# The task
Restate all the data word for word and omit the pictures.

# Collected material
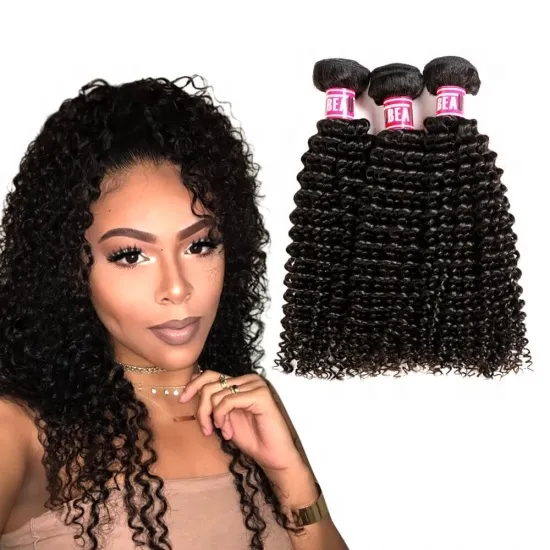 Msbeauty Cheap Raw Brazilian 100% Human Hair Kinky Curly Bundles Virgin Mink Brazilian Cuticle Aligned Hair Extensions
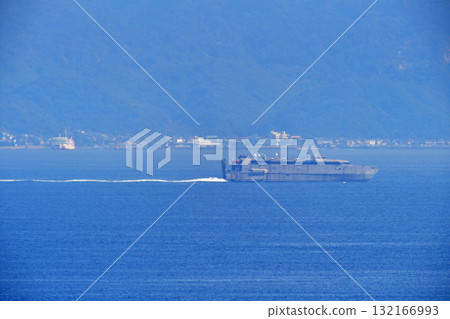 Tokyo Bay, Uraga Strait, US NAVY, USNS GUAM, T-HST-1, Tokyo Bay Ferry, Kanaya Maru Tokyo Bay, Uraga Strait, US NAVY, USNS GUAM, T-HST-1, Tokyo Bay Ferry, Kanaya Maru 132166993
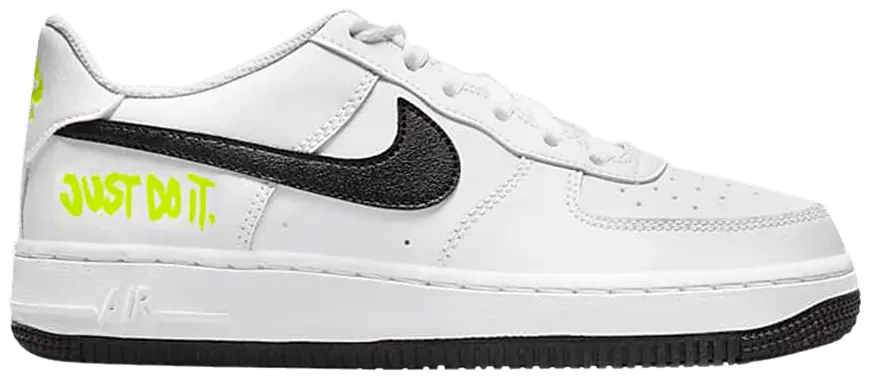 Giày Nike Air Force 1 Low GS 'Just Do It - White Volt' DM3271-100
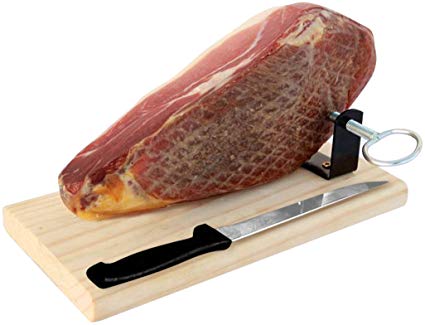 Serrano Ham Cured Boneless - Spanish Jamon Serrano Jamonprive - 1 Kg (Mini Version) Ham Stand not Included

# Response below
 Msbeauty Cheap Raw Brazilian 100% Human Hair Kinky Curly Bundles Virgin Mink Brazilian Cuticle Aligned Hair Extensions
 Tokyo Bay, Uraga Strait, US NAVY, USNS GUAM, T-HST-1, Tokyo Bay Ferry, Kanaya Maru Tokyo Bay, Uraga Strait, US NAVY, USNS GUAM, T-HST-1, Tokyo Bay Ferry, Kanaya Maru 132166993
 Giày Nike Air Force 1 Low GS 'Just Do It - White Volt' DM3271-100
 Serrano Ham Cured Boneless - Spanish Jamon Serrano Jamonprive - 1 Kg (Mini Version) Ham Stand not Included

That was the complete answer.